Gabon : La Centrale d’Achat face à son premier test de vérité
Libreville, Lundi 1er Juin 2026 (Infos Gabon) – Rarement une initiative économique aura suscité autant d’attentes en si peu de temps. Créée pour répondre à l’une des principales préoccupations des Gabonais, la hausse continue du coût de la vie, la Centrale d’Achat du Gabon s’est imposée en quelques semaines comme l’un des instruments les plus visibles de la politique économique engagée par les nouvelles autorités.
Après Libreville, Minvoul et Port-Gentil, son arrivée à Nzeng-Ayong a confirmé l’intérêt massif des populations pour toute mesure susceptible d’améliorer leur pouvoir d’achat. Les images de files d’attente, de chariots remplis et de milliers de consommateurs venus profiter de prix plus accessibles ont illustré l’ampleur de cette attente sociale.
Mais à mesure que le dispositif gagne en visibilité, les interrogations se multiplient également. L’interpellation publique formulée par l’Organisation Gabonaise des Consommateurs (OGC) marque sans doute une étape importante dans la vie de cette institution encore jeune. Au-delà des critiques exprimées, elle révèle surtout une exigence croissante de transparence autour d’un mécanisme appelé à jouer un rôle stratégique dans la régulation du marché national.
La question centrale soulevée par les défenseurs des consommateurs est simple. Comment mesurer précisément l’impact de la Centrale d’Achat sur le coût de la vie si les citoyens ne disposent pas d’éléments suffisamment détaillés pour comparer les prix, identifier les produits concernés et évaluer les économies réalisées ?
Cette interrogation intervient dans un contexte particulier. Depuis février 2026, le gouvernement a déjà mis en place une mercuriale encadrant les prix de plusieurs dizaines de produits de grande consommation à travers une suspension temporaire de certaines taxes et droits de douane. L’arrivée de la CEAG a ajouté un second outil à la stratégie gouvernementale de lutte contre la vie chère.
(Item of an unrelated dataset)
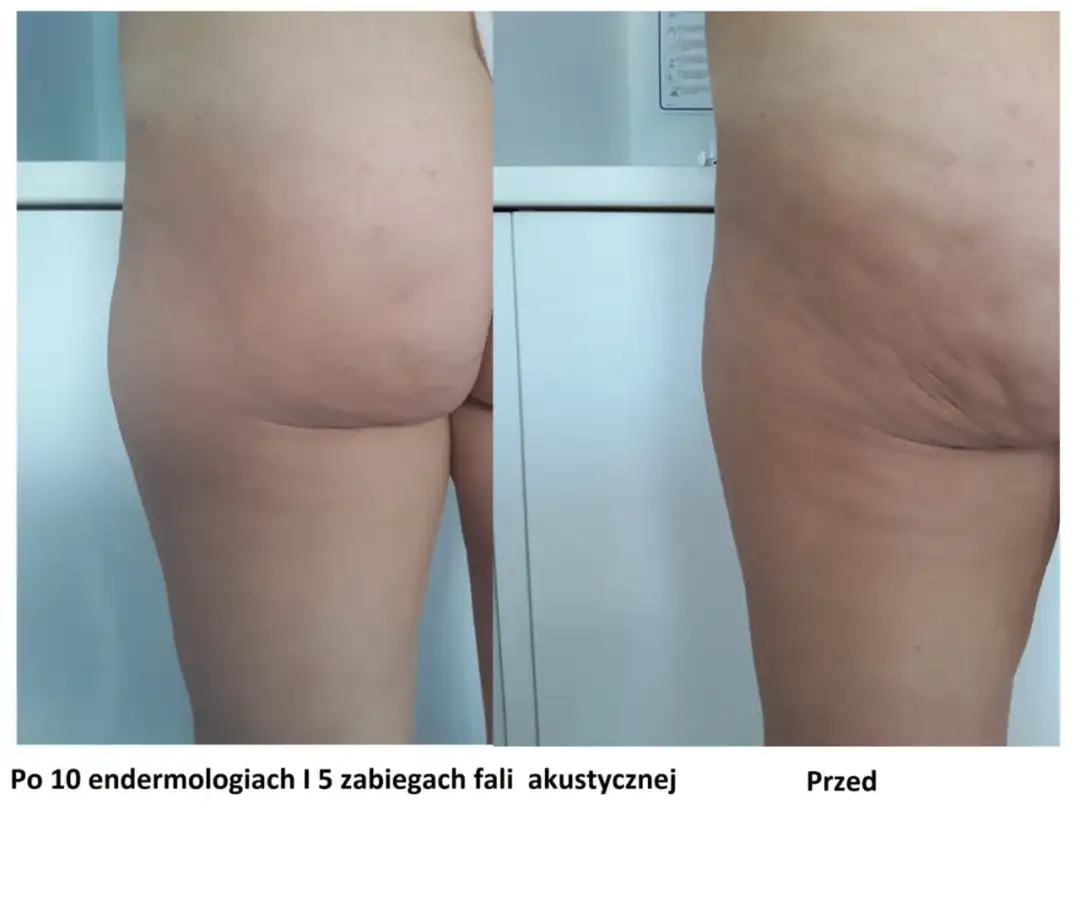 Skuteczne metody na cellulit - jak leczyć cellulit w domu i w gabinecie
Sur le principe, la complémentarité semble évidente. D’un côté, la mercuriale agit sur les mécanismes de formation des prix. De l’autre, la Centrale d’Achat intervient directement dans la chaîne d’approvisionnement afin de réduire certains coûts intermédiaires. Mais toute politique publique reposant sur plusieurs leviers exige une parfaite lisibilité. C’est précisément sur ce terrain que le débat s’installe aujourd’hui.
L’expérience internationale montre d’ailleurs que la réussite des mécanismes publics de régulation dépend autant de leur efficacité économique que de la confiance qu’ils inspirent aux consommateurs. Du Maroc à l’Égypte, en passant par le Sénégal ou la Côte d’Ivoire, les dispositifs les plus durables ont toujours reposé sur des règles claires, des objectifs identifiables et une communication permanente avec les citoyens.
Pour autant, les critiques formulées ne remettent pas en cause l’objectif poursuivi. Personne ne conteste la nécessité d’agir contre l’érosion du pouvoir d’achat. Personne ne remet en question l’intérêt de disposer d’un outil capable d’influencer les prix à travers une meilleure organisation des circuits d’approvisionnement. La véritable question est désormais celle de la consolidation.
Après avoir réussi son lancement populaire, la CEAG doit franchir une nouvelle étape. Celle de la démonstration. Démonstration de sa capacité à garantir un approvisionnement régulier. Démonstration de sa capacité à agir durablement sur les prix. Démonstration enfin de sa capacité à travailler dans un cadre suffisamment transparent pour convaincre aussi bien les consommateurs que les acteurs économiques.
C’est à cette condition que l’institution pourra dépasser le stade de l’événement ponctuel pour devenir un véritable instrument de transformation du marché intérieur.
La polémique actuelle constitue finalement moins une menace qu’une opportunité. Une opportunité pour les responsables de la Centrale d’Achat du Gabon de préciser leur modèle, d’améliorer leur communication et de renforcer la crédibilité d’un dispositif dont dépend une part importante de la stratégie gouvernementale de lutte contre la vie chère.
Car au fond, le véritable enjeu dépasse largement la CEAG elle-même. Il concerne la capacité de l’État à démontrer qu’une intervention publique bien conçue peut produire des résultats palpables dans le quotidien des citoyens. Et sur ce terrain, les attentes restent immenses.